De feiten van de zaak zijn als volgt: de belanghebbende had in 2002 een recreatiewoning aan de [a-weg 1 te Q], waar hij gedurende 30 dagen verbleef. Het hof overwoog dat de woning een perceel is waar huishoudelijke afvalstoffen kunnen ontstaan, en dat de ambtenaar terecht de belanghebbende als feitelijk gebruiker van het perceel heeft aangemerkt. De ambtenaar toonde aan dat voldaan was aan de inzamelverplichting, wat inhoudt dat huisvuil op de dichtstbijzijnde toegankelijke weg werd opgehaald.

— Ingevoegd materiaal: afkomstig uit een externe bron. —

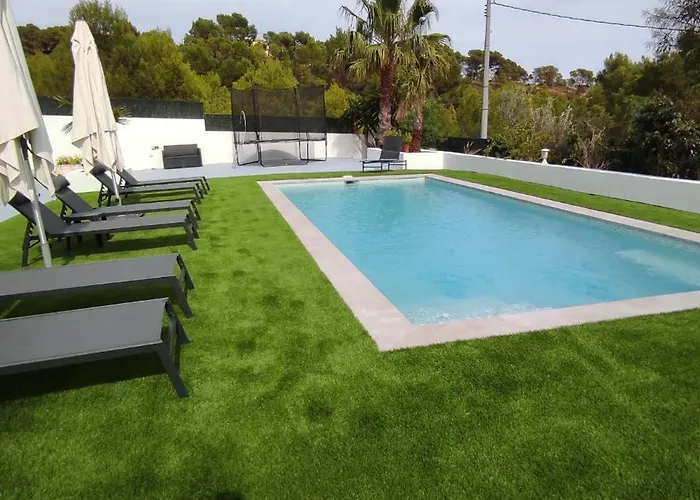 Bella Galera Ferienhaus Altea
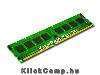 Eladó Már csak volt!!! KINGSTON ValueRAM DDR3 ECC (4GB,1333MHz,Reg,SRx4 w TS) CL9 - olcsó, Új Eladó Már csak volt!!! - Miskolc ( Borsod-Abaúj-Zemplén ) fotó 1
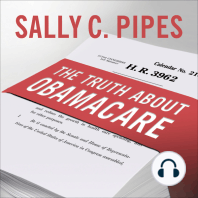 The Truth About Obamacare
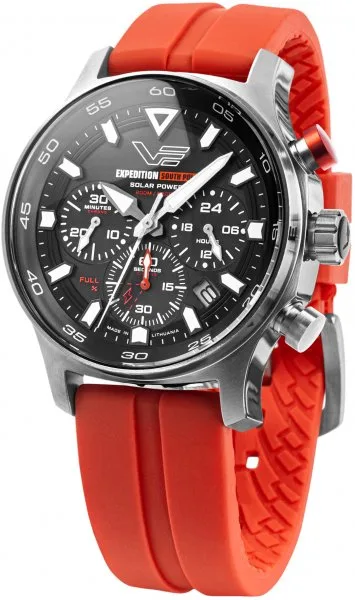 Vostok Europe Expedition South Pole Solar Chrono 43mm VR42-592A761SR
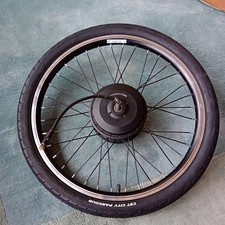 FWM Assist 20" Wheel with 9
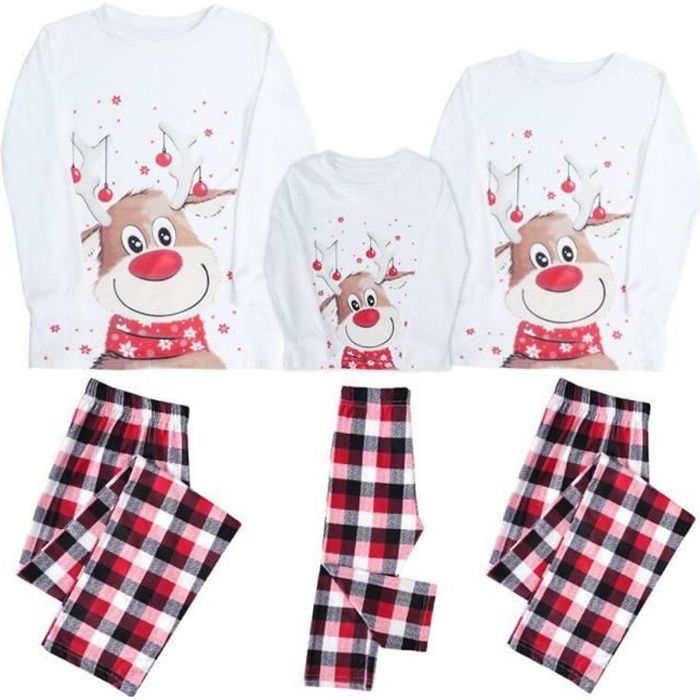 Pyjama de noel adulte store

Het hof concludeerde dat de verordening afvalstoffenheffing 2002 op de juiste wijze was vastgesteld en bekendgemaakt. De belanghebbende kon niet volhouden dat hij in 2002 geen afvalstoffenheffing zou hoeven betalen, enkel omdat dit in het verleden niet was gebeurd. Het beroep van de belanghebbende werd ongegrond verklaard, en het hof bevestigde de eerdere uitspraak. Er werden geen kosten aan de ambtenaar opgelegd, en de mondelinge uitspraak werd in het openbaar gedaan door mr. Matthijssen, met mw. Vermeulen-Post als griffier.